Oregon Roads - Old OR/US 99 - Sunny Valley Loop
Sunny Valley Loop, former OR/US 99
The main reason anyone uses Sunny Valley Loop is to view the Grave Creek Bridge, built in 1920 as part of the Pacific Highway and incorporated into the original US 99. These photos head north from I-5 Exit 71 like most tourists would, which is why the covered site marker is on this side.
After crossing the bridge, most people just return to the Interstate because despite the name, Sunny Valley does not Loop. You can see some attempt to provide yellow center striping on the paved road to the north, but it's just yellow spray paint on top of original (1950s-1960s) white centerline.
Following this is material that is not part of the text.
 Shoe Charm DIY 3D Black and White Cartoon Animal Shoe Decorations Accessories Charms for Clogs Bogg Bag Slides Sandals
Notice that it's all dashed despite the lack of passing sight distance.
Here it's just striped all over the place. No passing, driving, turning, or stopping.
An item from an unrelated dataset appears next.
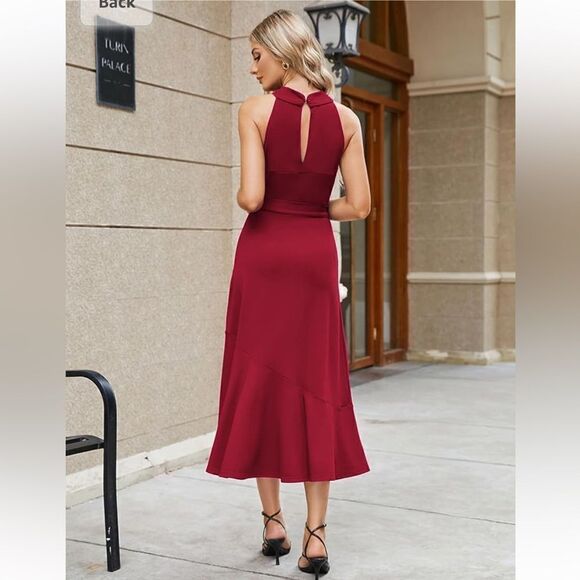 JASAMBAC Elegant Criss Cross Halter Neck Ruffle Hem Belted Bodycon Dress - Picture 3 of 14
The yellow fades and white shines through as I continue north to pavement's dead end, impaled by a power line support. The path continuing on is a dead-end unrelated to US 99. The original route went downhill from here to rejoin what was then US 99's valley alignment, which became what's now I-5, and that's why this is called "Loop."
The northern drivable end is curved west on the side of St. Peter Mountain, so as I turn left I'm facing south toward Sexton Mountain, another one that US 99 had to climb.
All the way back down the hill and back to civilization. With a side street (Placer Rd.) intersecting just north of a one-lane bridge, there's active vehicle detection to keep things sane. Traffic volumes are low and generally would use Placer Rd., but there is an amount of tourist traffic that wouldn't expect the side street and would want to just U-turn, making this necessary.